What stupendous condescension!
O sublime humility!
That the Lord of the whole universe,
God and the Son of God,
should humble Himself like this
under the form of a little bread,
for our salvation" 
"...In this world I cannot see
the Most High Son of God
with my own eyes, except
for His Most Holy Body and Blood." 








As Jeremy Sheehy reminds us in his insightful essay “Sacred Space and the Incarnation,” which is one of eight powerful essays collected in Sacred Space, House of God, Gate of Heaven, our understanding of the sacred also hinges upon the nature and mystery of the Incarnation itself. God relied upon physical material, that is flesh and bone, to convey Truth and forgiveness to a lost world. He could have chosen any other means, but His choice was to send His Son as a man. As Saint Francis made abundantly clear, Creation points to God. We understand that the “fingerprint” of God is found within nature. Now, imagine for a moment that we could be present in Jesus’ own time. Understanding that God is everywhere, are we closer to Christ in front of a tree, or standing beside our Savior Himself?  Clearly, we are closer to Him and His presence, if we are standing beside him, or looking in His holy face. This is yet another reason why churches are not ordinary places. In church, we exit the timeline for a moment as we join with fellow believers of the past, present, and future in praising God. The mystical body of Christ is no where else so complete as in worship. As a personal aside, before our family even considered joining the Catholic Church, we used to greatly enjoy visiting the Grotto (The National Sanctuary of our Sorrowful Mother) in Portland, Oregon. We craved the sacred like a thirsty person craves a drink of cold water. It made us feel more connected with God and the other faithful across the ages. In short, it offered us an inkling of what it feels like to be members of the Catholic Church. It gave us hope.

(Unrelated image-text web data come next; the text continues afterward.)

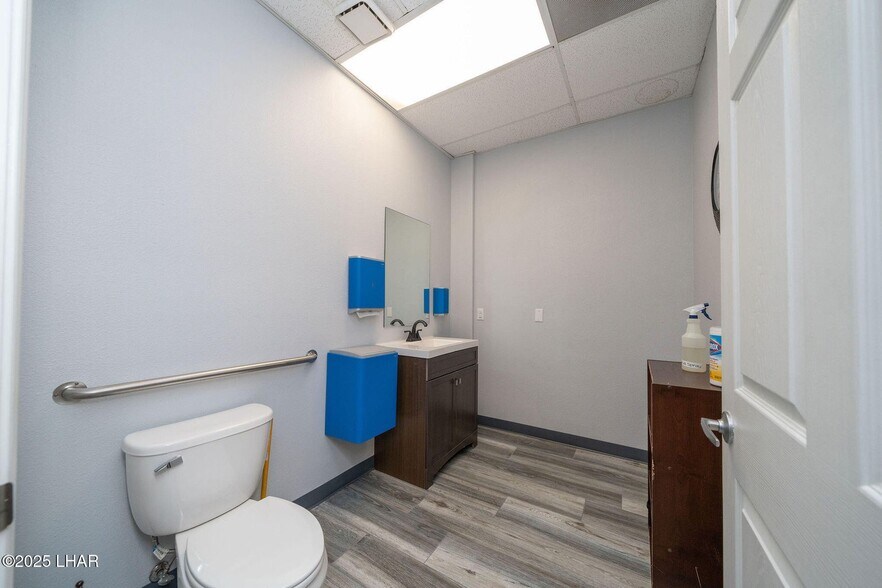 More Photos Of 2880 Sweetwater Ave, Lake Havasu City Light Manufacturing For Lease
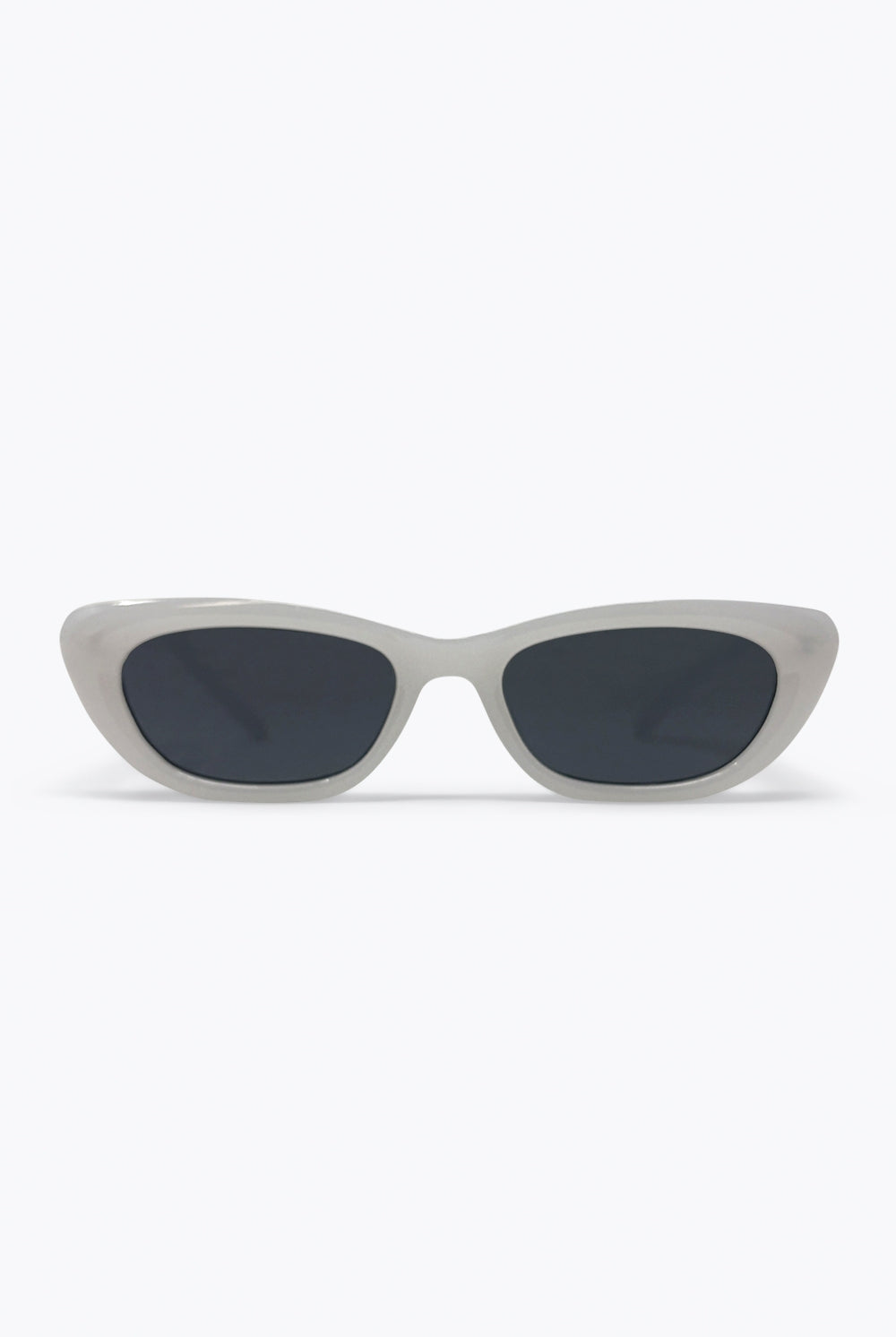 Q2 Monture œil de chat blanche avec logo argenté lunettes de soleil détails
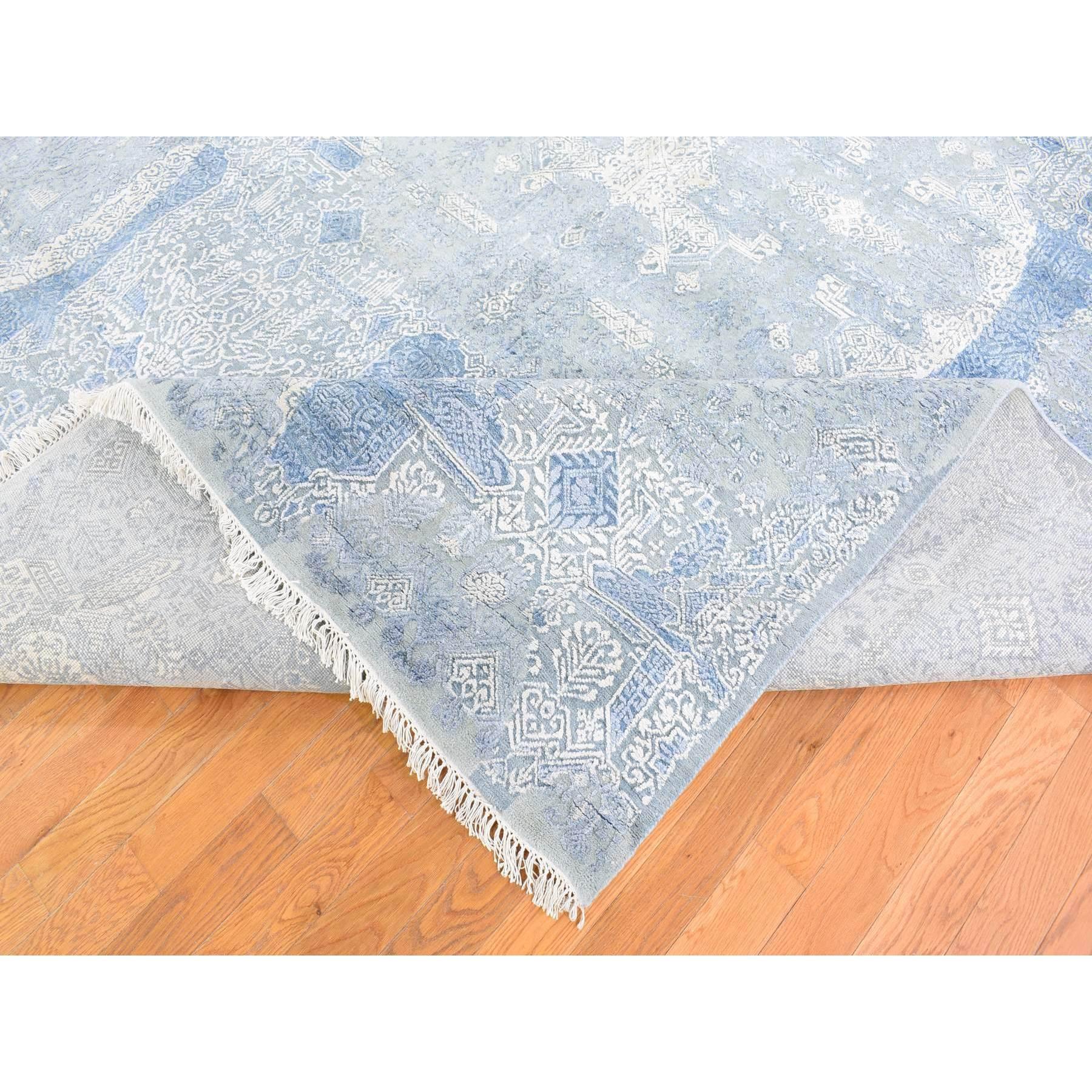 Blue Wool and Pure Silk Hand Knotted Jewellery Design Oriental Rug 9'0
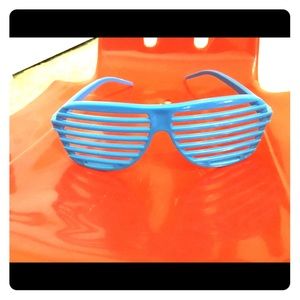 80s/90’s cool shades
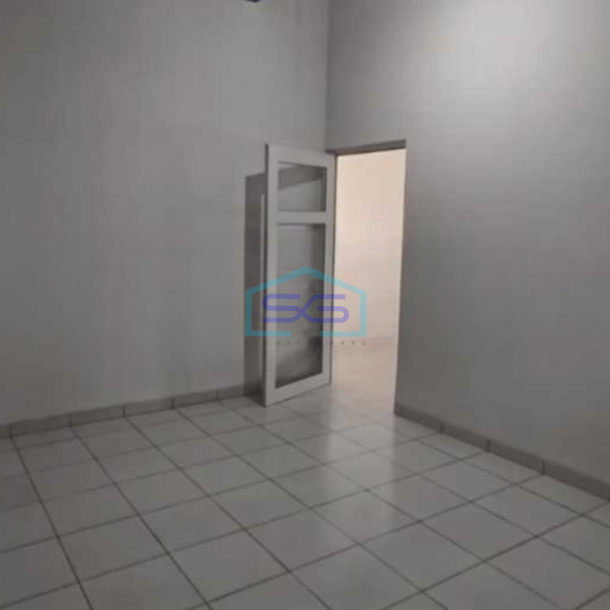 Dijual Gudang Siap Pakai Luas Bangunan  480 m² di Kapuk Kamal Jakarta Barat-1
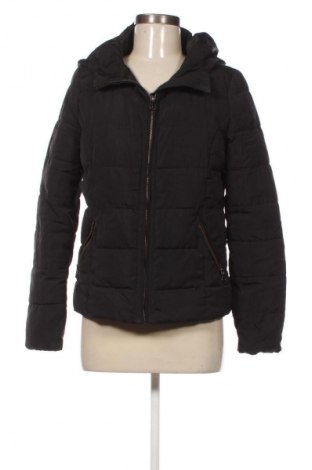 Дамско яке Vero Moda, Размер XS, Цвят Черен, Цена 33,99 лв.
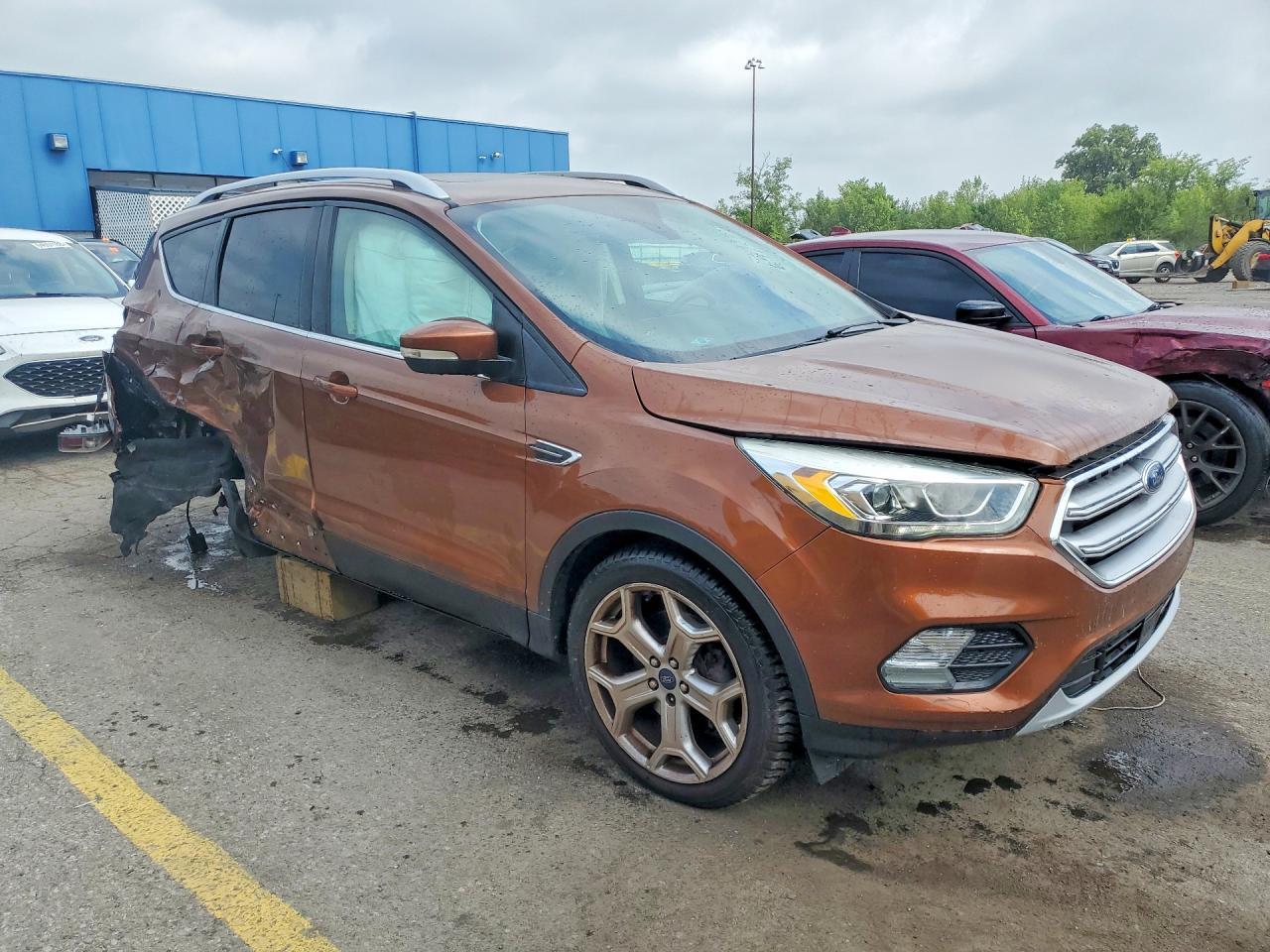 2017 Ford Escape Titanium - Image 4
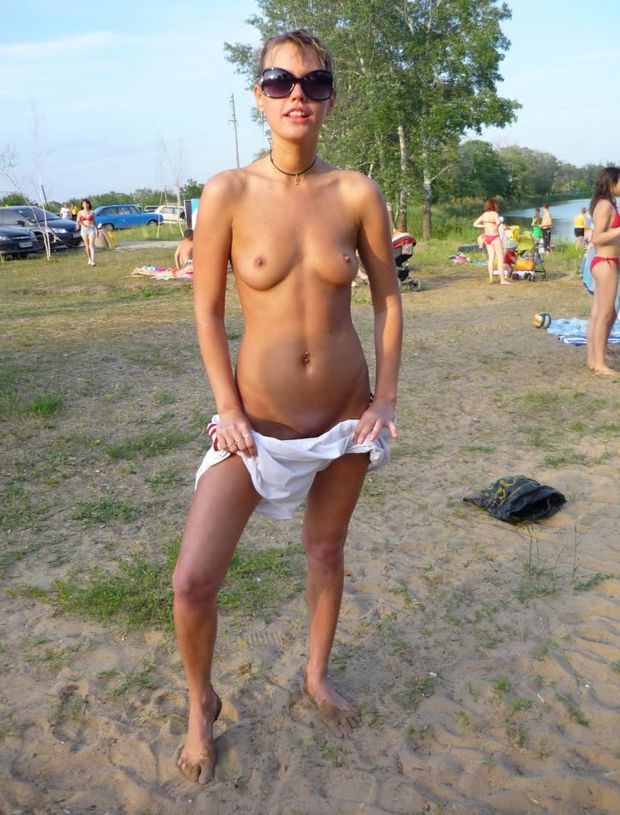 Sexy nudist babe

Through the lens of the sacred, we may see glimmers of heaven’s light.  We can also understand some of the differences between Catholics and Protestants more clearly, if we examine them through our unique understandings of the sacred.  Protestants, for instance, usually see churches as no different from other places—after the congregation has gone on its way.  Catholics, on the other hand, recognize church as a place where we come together to worship and share in the sacrament of the Eucharist.  Since the Eucharist is understood as the body, blood, soul, and divinity of our Savior, we believe that our churches are so much more than ordinary places.  They are blest and hallowed because of the profound and substantial presence of God in the place, as well as in the Eucharist.  The devotion and passion for Christ found among many Evangelical Protestants is praiseworthy.  Since the church is understood the way it is, it also may lead Protestants to have a greater awareness for the presence of Christ within their fellow man and a strong view of the body as God’s temple.  This, however, comes at the expense of a true sense and understanding of the sacred in worship, which means that God is not properly understood for who He is.  This substantial difference in understanding is reflected in our respective theology, architecture, and art.  While the visiting student or newcomer may be caught off guard by the artwork and sense of reverence found in a Catholic Church, this is the way we treat our Father’s house.  After all, the Catholic understanding of church was and is more than simply a warm place to gather on Sundays.  It’s all about Him—not us.